== THE INPUT ==
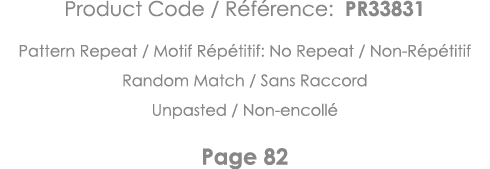 Product Code   Référence: PR33831 Pattern Repeat   Motif Répétitif: No Repeat   Non-Répétitif Random Match   Sans Rac   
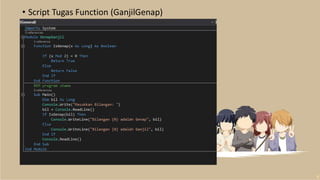 • Script Tugas Function (GanjilGenap)
 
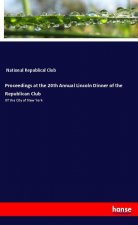 Proceedings at the 20th Annual Lincoln Dinner of the Republican Club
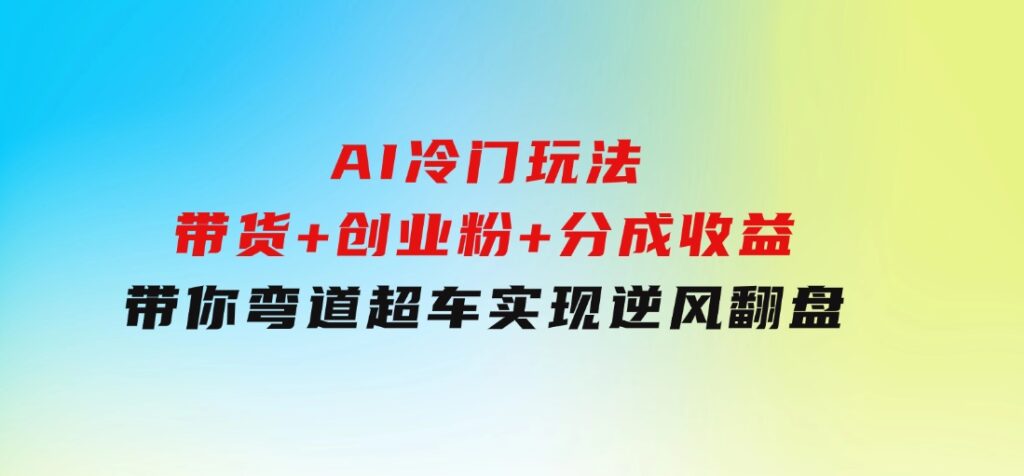 AI冷门玩法，带货+创业粉+分成收益带你弯道超车，实现逆风翻盘-十一网创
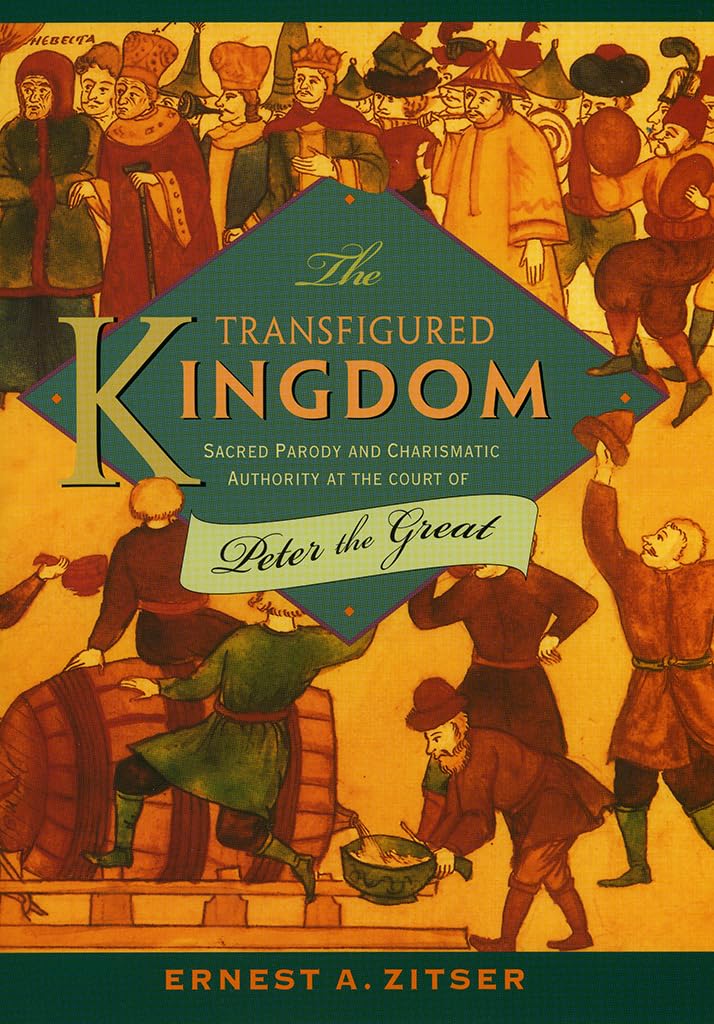 The Transfigured Kingdom: Sacred Parody and Charismatic Authority at the Court of Peter the Great (Studies of the Harriman Insti,Used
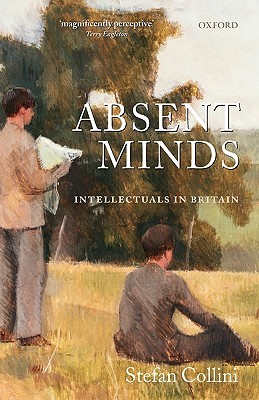 Absent Minds: Intellectuals in Britain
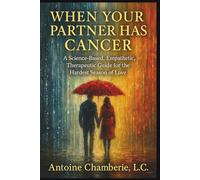 When Your Partner Has Cancer: A Science-Based, Empathetic, Therapeutic Guide for the Hardest Season of Love
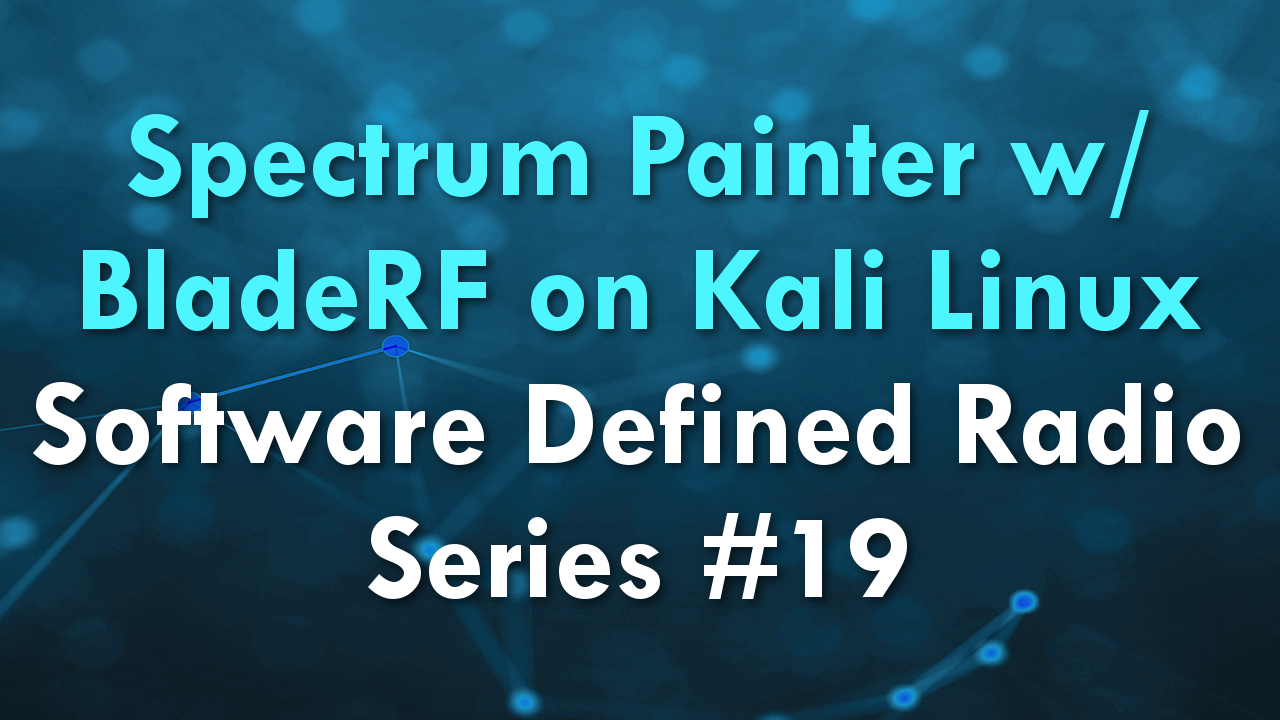 Spectrum Painter w/ BladeRF on Kali Linux – Software Defined Radio Series #19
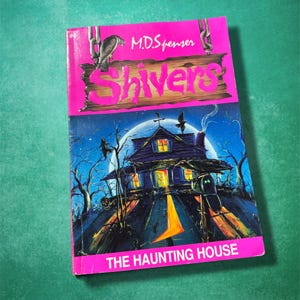 Shivers Book #6 The Haunting House di M. D. Spenser Vintage anni '90 Nostalgic Kids Horror Paperback Book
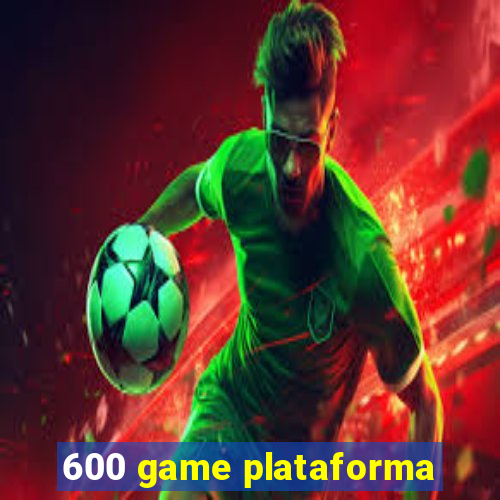 600 game plataforma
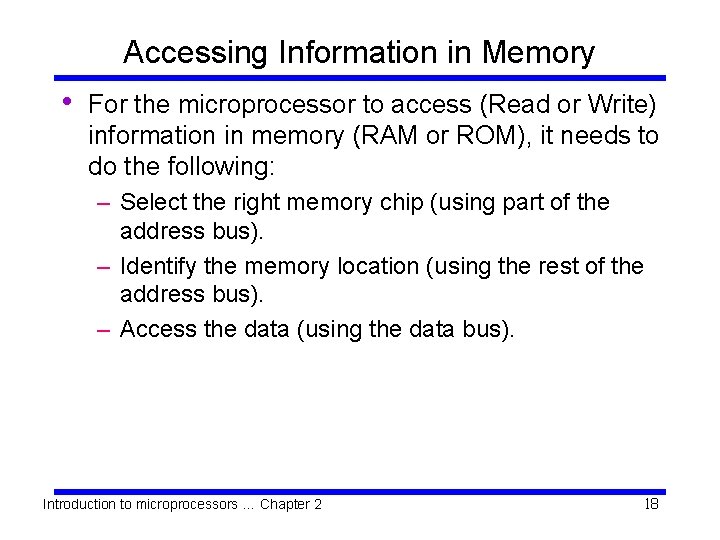 Accessing Information in Memory • For the microprocessor to access (Read or Write) information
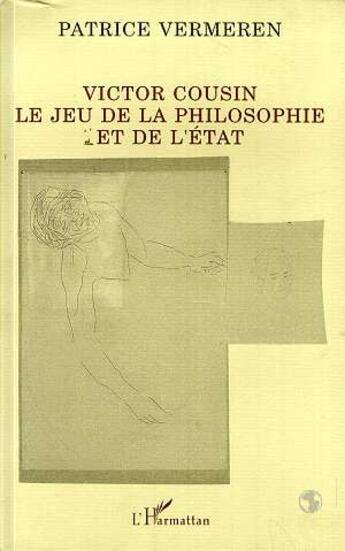 Couverture du livre « Victor cousin - le jeu de la philosophie et de l'etat » de Patrice Vermeren aux éditions L'harmattan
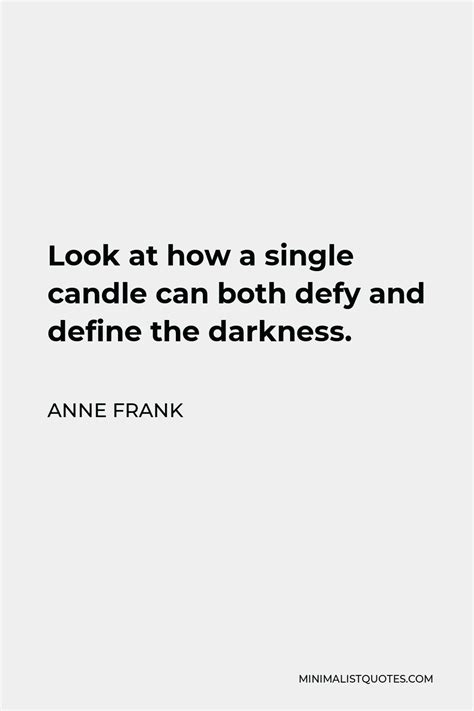 Anne Frank Quote Look At How A Single Candle Can Both Defy And Define
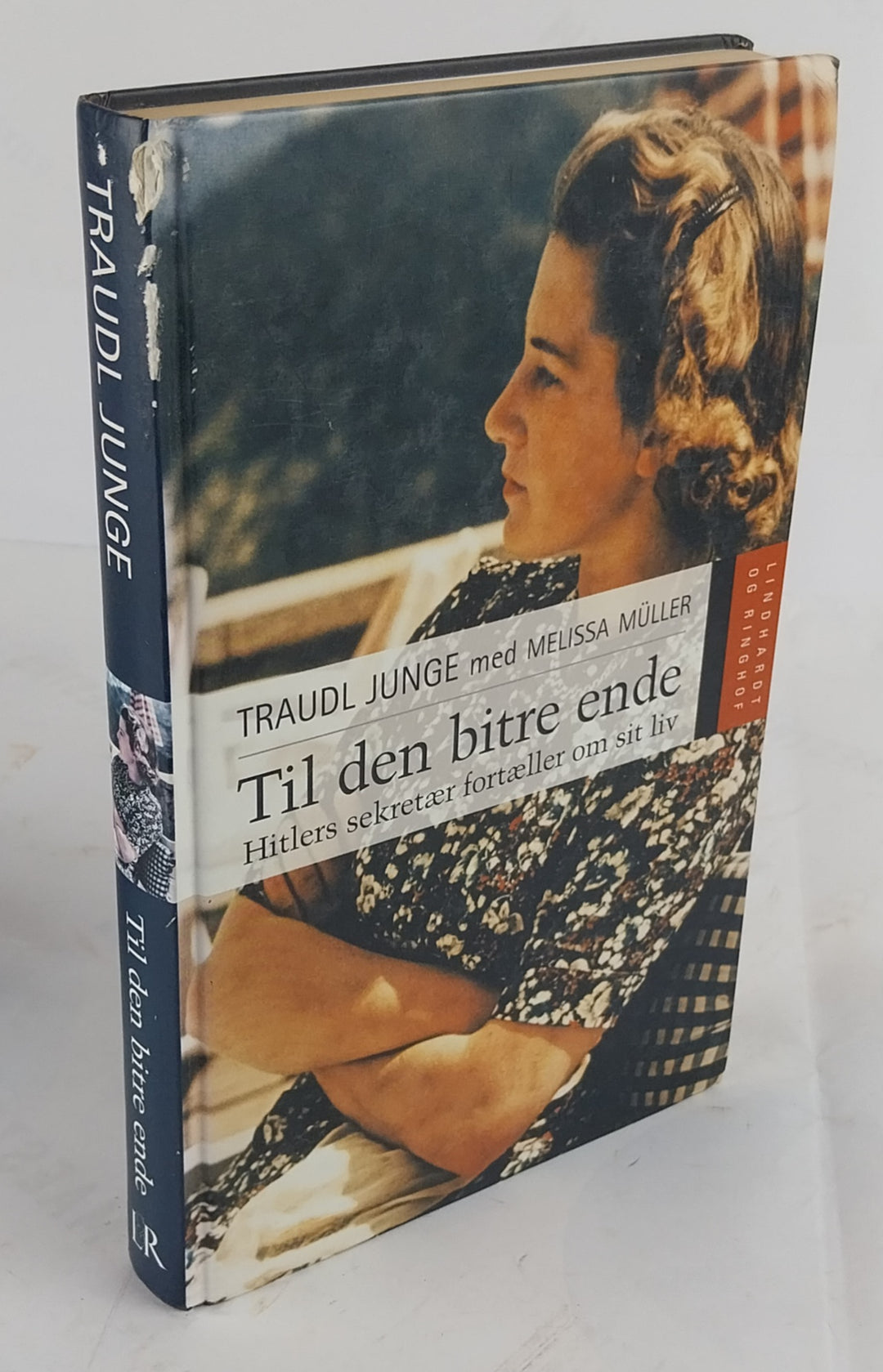 Til den bitre ende. Hitlers sekretær fortæller om sit liv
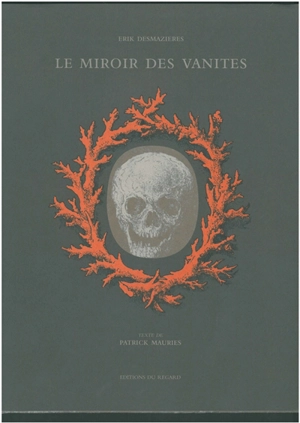 Le miroir des vanités - Erik Desmazières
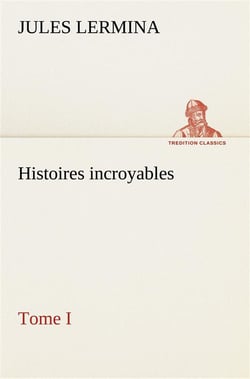 Histoires incroyables, tome i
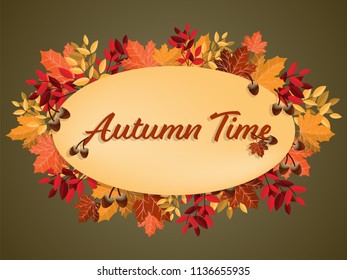 Autumn background with Autumn time text on autumn leaves frame.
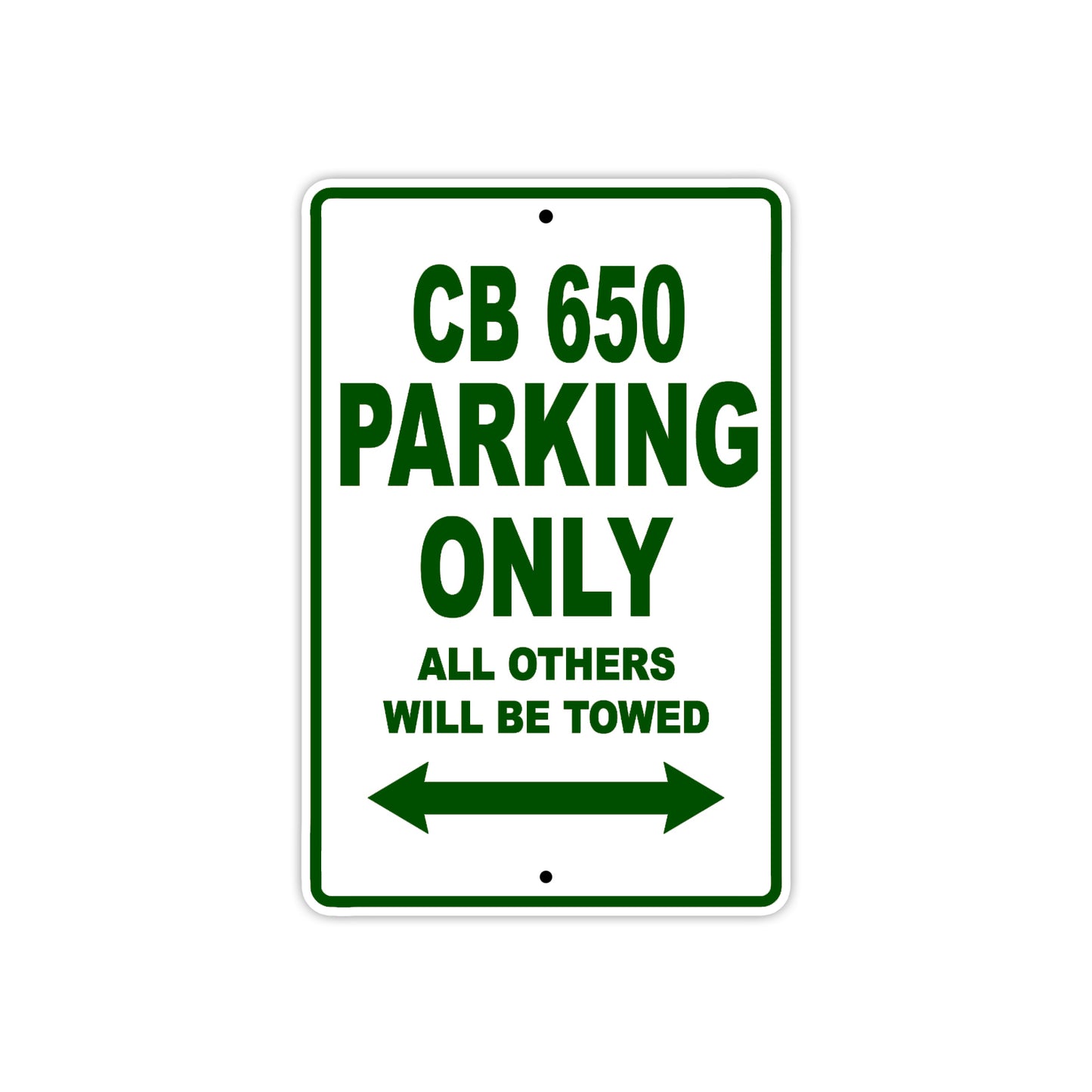 CB 650 Motorbike Parking Only All Others Will Be Towed Aluminum Metal Sign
===
PROBLEM DESCRIPTION: Your task is to write out, exactly and without pictures, only the lines from the one holding "600 game plataforma" to the last line of the data.

FINISHED EXERCISE:
 600 game plataforma
 Accessing Information in Memory • For the microprocessor to access (Read or Write) information
 Couverture du livre « Victor cousin - le jeu de la philosophie et de l'etat » de Patrice Vermeren aux éditions L'harmattan
 Anne Frank Quote Look At How A Single Candle Can Both Defy And Define
 Til den bitre ende. Hitlers sekretær fortæller om sit liv
 Le miroir des vanités - Erik Desmazières
 Histoires incroyables, tome i
 Autumn background with Autumn time text on autumn leaves frame.
 CB 650 Motorbike Parking Only All Others Will Be Towed Aluminum Metal Sign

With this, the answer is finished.